Andreas and other interested folks, I just grabbed the 2.4.21-139 kernel, built it and installed it on my Tyan S2885ANRF. It now finds the 8151 AGP controller correctly, and seems to correctly identify both AGP110 (ATI X1) and older AGP v2 cards, go into 4x/8x modes fine and the like. However, if you take video-card-of-your-choice, map its framebuffer and set the AGP bridge for fast writes, the write bandwidth to the framebuffer is BAD. About a factor of 40 slower than it should be. A 1x card writes at about 18MB/s, a 4x card at 25 and an 8x card at 48MB/s. These numbers should be 256MB/s, 1GB/s and 2GB/s. Under no circumstances (1x, fast writes off) should the bandwidth be less than 256MB/s. I've tired this on lots of 760MPX machines and get the performance I expect, but I am at a loss as to what could possibly be causing this slowness. I notice that the Tyan board sets up the MTRR for the whole PCI physical address space to be uncachable: linux:~ # cat /proc/mtrr reg00: base=0xc0000000 (3072MB), size=1024MB: uncachable, count=1 reg01: base=0xbe000000 (3040MB), size= 32MB: uncachable, count=1 In previous framebuffer drivers, I have set the MTRR for the frame buffer to be write combining, which does have an effect on performance ('tho I've never known the effect to be a factor of 40!).

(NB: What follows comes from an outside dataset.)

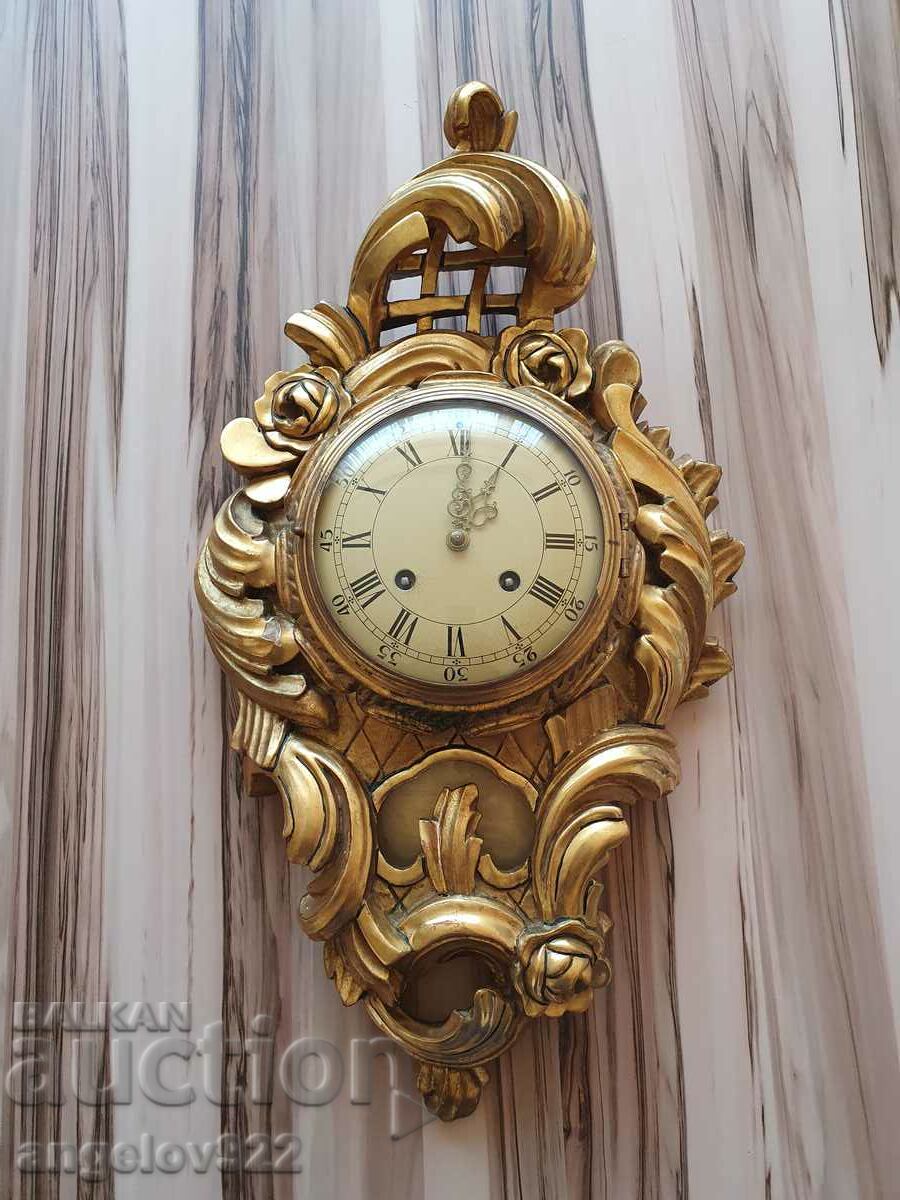 Beautiful Swedish WESTERSTRAND wall clock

I'd like to do the same thing on the Tyan board, but unsetting the c0000000-ffffffff uncacheable MTRR, or fragmenting it so that everything in that region EXCEPT the framebuffer is uncacheable both quickly lead to system crasshes (why? how could caching the framebuffer hang the system in text mode (corrupt screen contents, sure)? is this a race while the region is uncacheable?) It seems there's something strange going on. Could this be some kind of IOMMU interaction? The AGP aperture ends up at e0000000, which I cover with an uncacheable MTRR entry when I try the fragments, so I don't THINK I'm hurting anything. Any ideas why it could possibly be so slow or what I might do to get it back up to reasonable write speeds? Hard to do video when you can only get 2 frames/sec into the card's RAM. Thanks! -mcq
John McCorquodale <mcq1@viz.cacr.caltech.edu> writes:
Andreas and other interested folks,
I just grabbed the 2.4.21-139 kernel, built it and installed it on my Tyan S2885ANRF. It now finds the 8151 AGP controller correctly, and seems to correctly identify both AGP110 (ATI X1) and older AGP v2 cards, go into 4x/8x modes fine and the like.
That kernel especially contained a fix for the 2885 after we got hold of it a few days earlier.
However, if you take video-card-of-your-choice, map its framebuffer and set the AGP bridge for fast writes, the write bandwidth to the framebuffer is BAD. About a factor of 40 slower than it should be. A 1x card writes at about 18MB/s, a 4x card at 25 and an 8x card at 48MB/s. These numbers should be 256MB/s, 1GB/s and 2GB/s. Under no circumstances (1x, fast writes off) should the bandwidth be less than 256MB/s.
Do you have some simple test program that I can run locally?
I've tired this on lots of 760MPX machines and get the performance I expect, but I am at a loss as to what could possibly be causing this slowness.
I notice that the Tyan board sets up the MTRR for the whole PCI physical address space to be uncachable:
linux:~ # cat /proc/mtrr reg00: base=0xc0000000 (3072MB), size=1024MB: uncachable, count=1 reg01: base=0xbe000000 (3040MB), size= 32MB: uncachable, count=1
Yes, this looks strange. How much memory do you have?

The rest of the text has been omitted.